## Records for the task
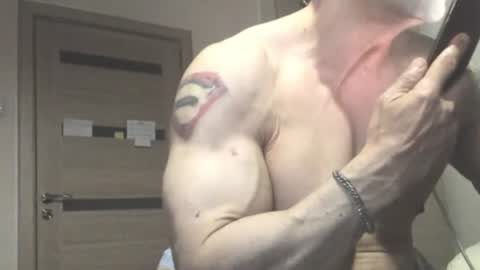 Snapshot of carin_the_body chatting on June 2026 06:49:01 PM Laz online show from June 2026 06:49:01 PM
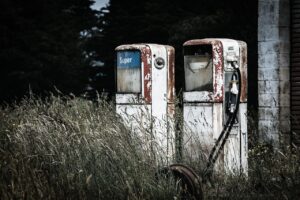 ガソリン割引クレジットカードは本当にお得？選ぶべきポイントと注意点は？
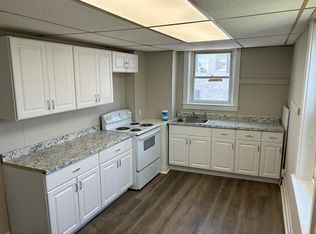 301 N 10th St #A, Darby, PA 19023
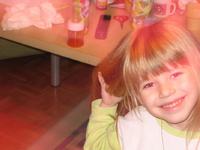 Canon A 80 czerwone zdjęcia na zoomie co się stało?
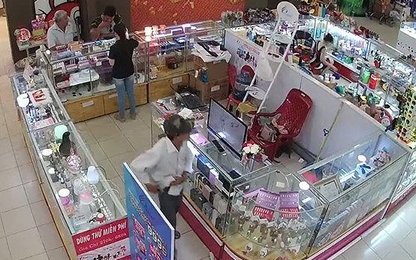 Truy tìm tên trộm điện thoại trong siêu thị ở Sóc Trăng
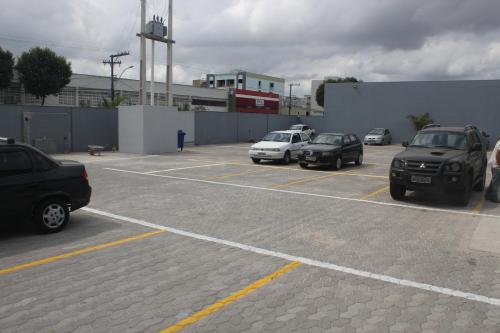 a group of cars parked in a parking lot at Pratti Hotel in Linhares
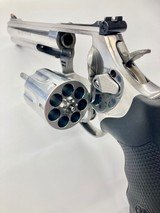SMITH & WESSON 686 PLUS - 3 of 4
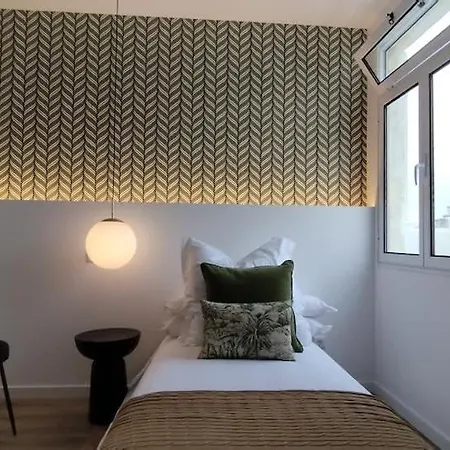 Guestready - Elegant Marina * 蓬塔德尔加达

## Instructions to follow
Output each line exactly as shown above; no pictures go in the copy.

## Solution below
 Snapshot of carin_the_body chatting on June 2026 06:49:01 PM Laz online show from June 2026 06:49:01 PM
 ガソリン割引クレジットカードは本当にお得？選ぶべきポイントと注意点は？
 301 N 10th St #A, Darby, PA 19023
 Canon A 80 czerwone zdjęcia na zoomie co się stało?
 Truy tìm tên trộm điện thoại trong siêu thị ở Sóc Trăng
 a group of cars parked in a parking lot at Pratti Hotel in Linhares
SMITH & WESSON 686 PLUS - 3 of 4
 Guestready - Elegant Marina * 蓬塔德尔加达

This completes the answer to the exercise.